### [WORK ORDER]
Please write out exactly the lines of the data below from the line holding "Roze rozen bloemen poster (Hoek)" through the line holding "Hailstone White Globe", and leave out the rest.

### [DATA UNDER STUDY]
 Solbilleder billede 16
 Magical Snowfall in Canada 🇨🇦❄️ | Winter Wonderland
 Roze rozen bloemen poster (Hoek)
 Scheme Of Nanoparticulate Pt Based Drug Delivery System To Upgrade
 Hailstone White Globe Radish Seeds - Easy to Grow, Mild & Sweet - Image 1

--

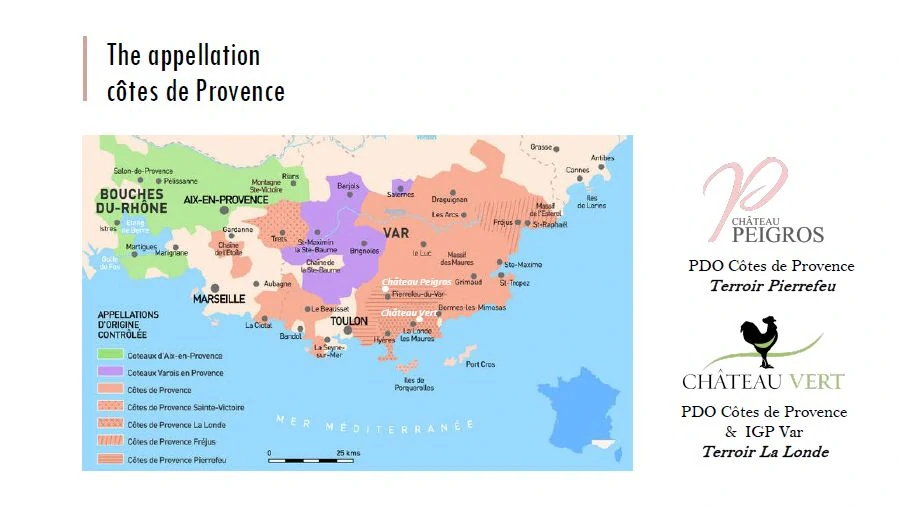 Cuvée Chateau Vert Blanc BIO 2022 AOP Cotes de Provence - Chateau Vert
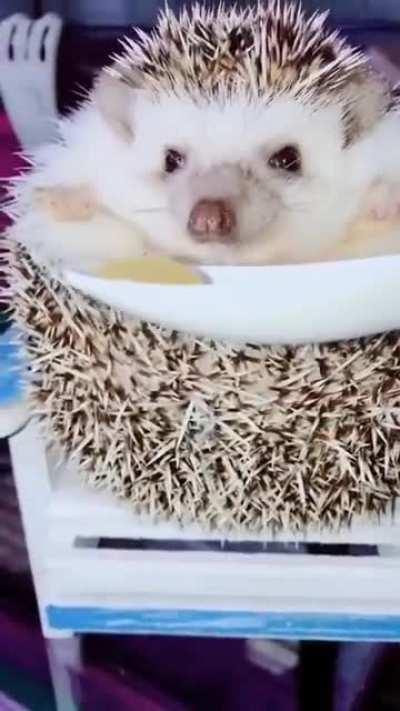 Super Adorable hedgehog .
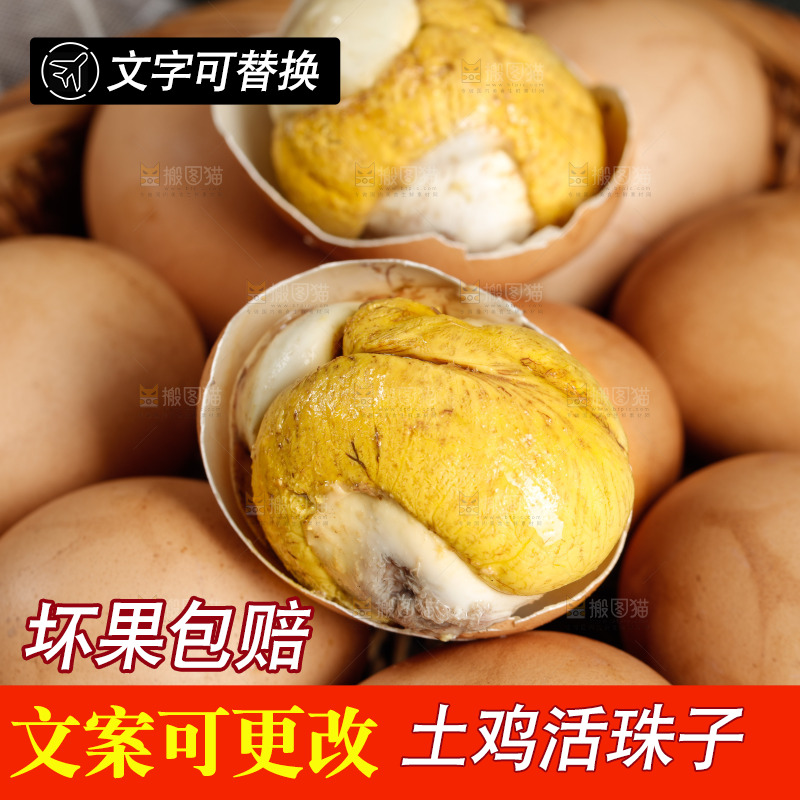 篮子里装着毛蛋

### [EXERCISE RESULT]
 Roze rozen bloemen poster (Hoek)
 Scheme Of Nanoparticulate Pt Based Drug Delivery System To Upgrade
 Hailstone White Globe Radish Seeds - Easy to Grow, Mild & Sweet - Image 1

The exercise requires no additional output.